# Comparing Tru-Oil wipe on to Tru-oil spray



## b2rtch

Thank you for the very good review, I shall try Tru-oil (not in the can)
Where do you buy Tru Oil?


----------



## bobasaurus

Thanks for reviewing this. I've heard about tru-oil for a long time and considered using some, but was put off as it was specialized for guns and not fine woodworking. Seeing your review, I might have to try some out after all (just not the spray . Sounds like a great alternative to wiping poly for a high polish.


----------



## ellen35

Just ordered some… should be interesting to see how it works.
Thanks for the review.


----------



## Tennessee

For me, the best place to get the Tru-oil wipe on in a bottle is on Amazon. About $24 for a 32oz bottle, and free shipping. Last you for quite a while. I have a guitar in the shop right now with coat #2 on it.


----------



## donwilwol

Interesting Review. I've used tru-oil for a long time on gun stocks. I don't particular care for it for my hunting rifles because of the shininess, but that's what it does best.

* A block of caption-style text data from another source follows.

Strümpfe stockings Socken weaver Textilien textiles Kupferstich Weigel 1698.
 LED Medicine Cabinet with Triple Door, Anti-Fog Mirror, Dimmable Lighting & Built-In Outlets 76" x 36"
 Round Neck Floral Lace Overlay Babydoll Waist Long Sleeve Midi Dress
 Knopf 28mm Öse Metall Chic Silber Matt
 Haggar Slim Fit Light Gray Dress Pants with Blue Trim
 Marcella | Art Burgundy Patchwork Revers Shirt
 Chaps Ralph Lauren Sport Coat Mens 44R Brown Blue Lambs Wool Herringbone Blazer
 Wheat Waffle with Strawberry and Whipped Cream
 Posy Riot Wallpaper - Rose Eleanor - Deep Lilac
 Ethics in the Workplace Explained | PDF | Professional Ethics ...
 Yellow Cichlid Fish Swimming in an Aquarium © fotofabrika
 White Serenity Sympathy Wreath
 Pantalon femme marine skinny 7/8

I get not everyone sees gun stocks as fine woodworking, but to me, many fit the category well.

I've heard of its use on plane knob and totes, but never tried it. After your review, I kind of said "duh"


----------



## davidroberts

Can't remember exactly where I heard about tru-oil, but have used it for quite some time on smaller projects and I'm satisfied also. Not crazy about the smell, but hey it goes away as it cures. I like that it comes in different shades and smaller size bottles. Sometimes I don't want to buy a quart of finish, when I just need a few ounces. I've had more finish go bad than applied to projects it seams. Most of the larger sporting goods stores sell it, but I buy from amazon. Fast, convenient, I love amazon.


----------



## JustJoe

So is the five-star rating you gave for the wipe-on stuff, and if so would that be a 1-star rating for the spray or ?


----------



## QuangFromCalgary

This is great review. I am searching for oil finish for my next guitar. I will try this tru oil to see how it turns out. One question I hope you can help. I fill pore with epoxy. Will it work with tru oil? Your advice is appreciate. Thanks


----------